そもそもすでに400cc、4気筒エンジンというバイクで現存するのはCB400SFだけだ。低回転からトルクフルなシングルエンジンは快活かもしれないが、一方でがさつだとも言える。ツインエンジンはこのクラスの排気量だと若干野暮ったく感じないこともない。そんな中、シルキーな感触かつ超高回転域まで楽しむことができる4気筒エンジンは、機械としての魅力があるのだ。本当にこれは日本が世界に誇れる技術のひとつだと思う。
1992年の登場から大きなモデルチェンジを幾度か経て、現在のCB400SFへと続いてきており、現行モデルが出たのは2014年のことになる。2017年にはLEDヘッドライトやサスペンション設定変更などのマイナーチェンジが行われているが、基本構造には手が加えられていない。つまり、すでに現行型であっても5年が経っているのだ。
車両を目の前にすると、今見ても色あせないセクシーな雰囲気を感じる。むしろ最近の尖ったスタイルやレトロフューチャー系バイクばかり見慣れているので、新鮮に思えるから不思議だ。シートに跨りハンドルに手を伸ばすと、とてもリラックスしたライディングポジションにまとまることが分かる。私の身長は177cmなのだが、窮屈に感じるようなことはない。シート高も抑えられているので、ビギナーや女性でも親しみやすいと思う。

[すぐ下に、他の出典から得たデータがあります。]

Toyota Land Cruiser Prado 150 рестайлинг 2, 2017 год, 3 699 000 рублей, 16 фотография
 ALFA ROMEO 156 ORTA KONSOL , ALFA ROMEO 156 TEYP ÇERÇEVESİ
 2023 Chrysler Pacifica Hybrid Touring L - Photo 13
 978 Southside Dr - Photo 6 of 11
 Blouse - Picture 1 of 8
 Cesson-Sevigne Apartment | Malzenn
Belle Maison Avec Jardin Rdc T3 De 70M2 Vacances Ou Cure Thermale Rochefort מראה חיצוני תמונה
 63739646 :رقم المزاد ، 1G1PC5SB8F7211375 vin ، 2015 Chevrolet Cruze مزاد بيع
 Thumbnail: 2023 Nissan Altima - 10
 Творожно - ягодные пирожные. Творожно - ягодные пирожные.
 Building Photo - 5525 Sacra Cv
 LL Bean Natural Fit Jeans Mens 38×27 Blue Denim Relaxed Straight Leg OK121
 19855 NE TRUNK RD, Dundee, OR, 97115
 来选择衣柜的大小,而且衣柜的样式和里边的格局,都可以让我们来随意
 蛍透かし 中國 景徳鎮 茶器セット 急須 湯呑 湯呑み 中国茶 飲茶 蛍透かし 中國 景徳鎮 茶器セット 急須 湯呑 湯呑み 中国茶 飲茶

エンジンをかけて走り出す。低回転域からしっかりとしたトルクがあり粘り強く、ラフなスロットルワークを行ってもギクシャクするようなことがないのはマルチエンジンならではのことだ。CB400SFのエンジンに採用されている可変バルブシステムHYPER VTEC Revoは、通常は1気筒あたり2バルブが作動し、1速から5速までは6,300回転でもしくはスロットル開度に応じて6,300~6,750回転で、6速時には6,750回転で4バルブが使われるようになる。その作動は実に自然なものであるし、4バルブになってからの吹け上がりは最高である。足回りに関しても、よく動き路面を掴み、ライダーへのインフォメーションをしっかりと伝えてくれる。はっきり言って非の打ち所がないとはこのことである。
仕事柄、様々なバイクをテストし、CB400SFと同クラスのモデルも多いのだが、これほどまでに完成度の高いバイクは他にはない。走っていて楽しくて、タンデムも荷物満載のロングツーリングも、さらにはサーキット走行を行っても高いポテンシャルを発揮する。バランスの良さは唯一無二と言っていいだろう。
もし強いて挙げるとすればCB1300SFとなるのだが、あれはビッグバイクカテゴリーであり、その重量などから女性やビギナーであれば持て余してしまうだろう。CB400SFは万人受けするバイクなのである。だからこそ一方で、面白みがないとか、上がりバイクと揶揄されることもあるのだが、これほどバイクライフを豊かにしてくれるモデルは無いのではないだろうか。突出した部分は持ち合わせていないかもしれないが、すべてに関して上質であり高性能。CB400SFが相棒ならば、末永くバイクライフを楽しむことができる。私はそう思っている。
新車で購入しじっくりと付き合うもよし、こなれた価格の中古を手に入れ、バイク遊びの新しいトビラを開くのも良いだろう。できることならばこの素晴らしさを世界中のすべてのライダーに経験して欲しい、CB400SFはそんなバイクだ。